What does work mean to people socially defined by their inability to work? This article explores "work" in Psychosocial Clubhouses, strengths-based programs for people experiencing psychiatric disability, where members – not clients or patients – work at operating their clubhouse alongside staff. I draw upon three years of experience in a Michigan clubhouse, as a volunteer, social work intern, and ethnographer. I explore the meaning of work – defined as "purposeful activity that builds community," challenging the narrow neoliberal definition of work as "paid employment" – from the perspective of clubhouse members.
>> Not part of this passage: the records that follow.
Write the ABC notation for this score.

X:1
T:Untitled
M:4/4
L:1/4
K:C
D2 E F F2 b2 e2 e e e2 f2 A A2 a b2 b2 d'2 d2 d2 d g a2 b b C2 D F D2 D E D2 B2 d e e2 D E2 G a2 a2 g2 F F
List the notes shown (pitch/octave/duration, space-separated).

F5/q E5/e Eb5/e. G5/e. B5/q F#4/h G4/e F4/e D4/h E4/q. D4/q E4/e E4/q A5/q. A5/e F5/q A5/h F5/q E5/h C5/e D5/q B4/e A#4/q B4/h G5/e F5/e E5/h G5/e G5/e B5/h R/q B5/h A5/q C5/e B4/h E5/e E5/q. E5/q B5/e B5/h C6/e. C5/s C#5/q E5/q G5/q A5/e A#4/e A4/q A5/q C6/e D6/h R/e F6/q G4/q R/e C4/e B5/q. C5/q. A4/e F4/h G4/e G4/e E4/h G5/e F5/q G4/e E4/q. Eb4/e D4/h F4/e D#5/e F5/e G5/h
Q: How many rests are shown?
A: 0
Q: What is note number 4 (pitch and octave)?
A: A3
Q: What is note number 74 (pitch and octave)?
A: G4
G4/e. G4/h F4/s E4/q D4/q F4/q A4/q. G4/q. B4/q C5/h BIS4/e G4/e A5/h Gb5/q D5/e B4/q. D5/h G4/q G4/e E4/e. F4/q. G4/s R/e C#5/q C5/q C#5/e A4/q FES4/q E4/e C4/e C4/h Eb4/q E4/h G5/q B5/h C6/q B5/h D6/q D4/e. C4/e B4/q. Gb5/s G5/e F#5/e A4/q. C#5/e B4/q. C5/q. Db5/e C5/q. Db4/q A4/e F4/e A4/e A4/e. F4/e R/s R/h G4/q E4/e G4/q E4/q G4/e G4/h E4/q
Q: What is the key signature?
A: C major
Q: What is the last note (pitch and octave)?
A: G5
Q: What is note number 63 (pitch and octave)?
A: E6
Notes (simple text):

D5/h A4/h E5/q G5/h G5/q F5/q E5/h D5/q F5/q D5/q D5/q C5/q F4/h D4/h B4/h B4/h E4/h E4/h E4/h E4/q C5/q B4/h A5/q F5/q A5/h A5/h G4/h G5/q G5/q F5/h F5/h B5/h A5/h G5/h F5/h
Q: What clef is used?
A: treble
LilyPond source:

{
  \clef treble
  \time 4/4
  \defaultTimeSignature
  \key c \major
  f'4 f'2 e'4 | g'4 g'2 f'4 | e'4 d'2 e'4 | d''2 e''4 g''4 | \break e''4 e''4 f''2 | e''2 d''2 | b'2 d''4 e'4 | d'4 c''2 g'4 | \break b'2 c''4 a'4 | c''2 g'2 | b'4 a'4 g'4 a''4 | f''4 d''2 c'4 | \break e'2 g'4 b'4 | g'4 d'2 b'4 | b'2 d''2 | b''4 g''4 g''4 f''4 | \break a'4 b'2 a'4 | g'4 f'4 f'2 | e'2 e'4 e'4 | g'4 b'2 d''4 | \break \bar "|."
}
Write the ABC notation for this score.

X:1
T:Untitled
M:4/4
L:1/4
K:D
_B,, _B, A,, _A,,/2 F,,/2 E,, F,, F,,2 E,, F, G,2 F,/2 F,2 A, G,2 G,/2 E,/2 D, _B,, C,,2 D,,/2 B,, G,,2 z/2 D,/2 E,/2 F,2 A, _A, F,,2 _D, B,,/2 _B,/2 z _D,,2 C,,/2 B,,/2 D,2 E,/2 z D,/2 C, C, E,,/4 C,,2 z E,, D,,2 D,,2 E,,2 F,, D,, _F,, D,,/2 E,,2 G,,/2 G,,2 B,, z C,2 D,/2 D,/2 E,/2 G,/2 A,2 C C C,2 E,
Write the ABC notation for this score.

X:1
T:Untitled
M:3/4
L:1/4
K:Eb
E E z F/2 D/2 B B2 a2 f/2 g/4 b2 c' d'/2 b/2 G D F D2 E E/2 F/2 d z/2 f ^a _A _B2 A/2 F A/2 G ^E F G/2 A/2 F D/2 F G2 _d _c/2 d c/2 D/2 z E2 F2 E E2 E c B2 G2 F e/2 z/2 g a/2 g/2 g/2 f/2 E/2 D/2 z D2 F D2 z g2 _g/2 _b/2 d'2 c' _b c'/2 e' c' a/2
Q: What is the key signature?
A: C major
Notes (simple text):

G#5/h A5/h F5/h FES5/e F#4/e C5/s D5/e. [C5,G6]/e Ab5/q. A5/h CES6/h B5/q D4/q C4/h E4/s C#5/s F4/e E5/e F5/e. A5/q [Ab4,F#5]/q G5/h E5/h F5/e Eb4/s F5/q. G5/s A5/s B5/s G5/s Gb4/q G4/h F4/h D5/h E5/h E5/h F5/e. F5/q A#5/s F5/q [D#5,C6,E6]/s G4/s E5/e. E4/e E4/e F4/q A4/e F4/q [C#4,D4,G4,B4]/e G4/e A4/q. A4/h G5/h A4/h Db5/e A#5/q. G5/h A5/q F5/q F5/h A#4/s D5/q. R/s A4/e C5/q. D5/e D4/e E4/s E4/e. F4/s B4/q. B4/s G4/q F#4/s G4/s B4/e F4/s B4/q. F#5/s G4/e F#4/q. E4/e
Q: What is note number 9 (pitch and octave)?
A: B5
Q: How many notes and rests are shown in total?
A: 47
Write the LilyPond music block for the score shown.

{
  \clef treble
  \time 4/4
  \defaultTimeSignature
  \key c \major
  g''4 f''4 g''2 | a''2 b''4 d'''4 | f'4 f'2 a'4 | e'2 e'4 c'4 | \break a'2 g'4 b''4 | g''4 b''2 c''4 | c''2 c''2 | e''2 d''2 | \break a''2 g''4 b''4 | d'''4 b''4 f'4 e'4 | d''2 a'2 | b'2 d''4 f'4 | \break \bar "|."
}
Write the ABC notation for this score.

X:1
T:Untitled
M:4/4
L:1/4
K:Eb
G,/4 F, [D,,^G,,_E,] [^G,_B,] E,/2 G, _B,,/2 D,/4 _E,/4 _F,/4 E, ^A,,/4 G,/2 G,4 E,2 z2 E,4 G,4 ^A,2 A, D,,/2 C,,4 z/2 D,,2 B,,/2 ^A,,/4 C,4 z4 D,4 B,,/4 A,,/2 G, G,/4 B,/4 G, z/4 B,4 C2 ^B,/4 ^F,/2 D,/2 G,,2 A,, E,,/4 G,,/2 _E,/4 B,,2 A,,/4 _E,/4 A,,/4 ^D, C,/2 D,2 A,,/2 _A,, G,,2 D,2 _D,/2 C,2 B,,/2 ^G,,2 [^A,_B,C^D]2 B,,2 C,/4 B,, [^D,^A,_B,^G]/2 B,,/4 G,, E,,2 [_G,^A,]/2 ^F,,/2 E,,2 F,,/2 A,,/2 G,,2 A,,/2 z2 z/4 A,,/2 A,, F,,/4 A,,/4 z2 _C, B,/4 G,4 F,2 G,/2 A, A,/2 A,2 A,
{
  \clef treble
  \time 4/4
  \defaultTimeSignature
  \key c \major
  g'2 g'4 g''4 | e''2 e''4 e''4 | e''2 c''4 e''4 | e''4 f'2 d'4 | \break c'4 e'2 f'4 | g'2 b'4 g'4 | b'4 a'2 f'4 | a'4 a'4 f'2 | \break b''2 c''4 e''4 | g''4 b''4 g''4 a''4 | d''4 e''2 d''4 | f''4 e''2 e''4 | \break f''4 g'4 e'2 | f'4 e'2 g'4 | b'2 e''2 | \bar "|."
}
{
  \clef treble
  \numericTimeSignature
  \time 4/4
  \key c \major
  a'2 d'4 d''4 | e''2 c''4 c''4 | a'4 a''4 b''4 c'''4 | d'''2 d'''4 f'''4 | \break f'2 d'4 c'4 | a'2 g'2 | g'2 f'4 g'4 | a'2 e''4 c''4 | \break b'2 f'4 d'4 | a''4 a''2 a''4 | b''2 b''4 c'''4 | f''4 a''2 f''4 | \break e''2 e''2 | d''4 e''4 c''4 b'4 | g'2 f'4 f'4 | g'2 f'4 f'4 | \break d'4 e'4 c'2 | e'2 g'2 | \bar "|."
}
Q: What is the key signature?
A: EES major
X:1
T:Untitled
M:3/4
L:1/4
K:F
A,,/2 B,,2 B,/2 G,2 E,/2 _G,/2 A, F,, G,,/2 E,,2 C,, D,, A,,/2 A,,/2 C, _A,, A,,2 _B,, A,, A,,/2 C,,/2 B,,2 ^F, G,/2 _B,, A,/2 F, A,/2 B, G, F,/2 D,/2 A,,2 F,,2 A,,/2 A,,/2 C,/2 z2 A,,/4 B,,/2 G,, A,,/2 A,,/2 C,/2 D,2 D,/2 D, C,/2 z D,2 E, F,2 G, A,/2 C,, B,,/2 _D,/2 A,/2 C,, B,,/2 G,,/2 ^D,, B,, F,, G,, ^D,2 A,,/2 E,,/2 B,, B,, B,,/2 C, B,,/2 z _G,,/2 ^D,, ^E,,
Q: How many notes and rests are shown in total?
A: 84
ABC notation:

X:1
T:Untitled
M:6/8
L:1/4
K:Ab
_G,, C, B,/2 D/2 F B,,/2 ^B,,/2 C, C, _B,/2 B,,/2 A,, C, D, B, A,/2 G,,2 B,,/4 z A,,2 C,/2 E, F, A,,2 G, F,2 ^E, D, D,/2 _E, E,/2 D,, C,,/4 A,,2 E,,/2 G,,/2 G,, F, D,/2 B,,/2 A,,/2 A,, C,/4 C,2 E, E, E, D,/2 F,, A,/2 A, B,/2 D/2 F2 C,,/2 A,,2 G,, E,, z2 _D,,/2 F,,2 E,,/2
In the clubhouse, "dis-ability" becomes a misnomer, as members demonstrate remarkable "ability" within the clubhouse's work environment. Interestingly, this work environment demands close, authentic relationships between members and staff, which dismantle conventional hierarchies between professionals and clients in mental health programs. In this work environment, members come to feel needed and valued, countering common feelings associated with psychiatric disability such as dependence and a lack of self-efficacy. Through developing a sense of purpose and community – arguably human needs – many members are able to live self-defined meaningful lives, in spite of their marginalized social position.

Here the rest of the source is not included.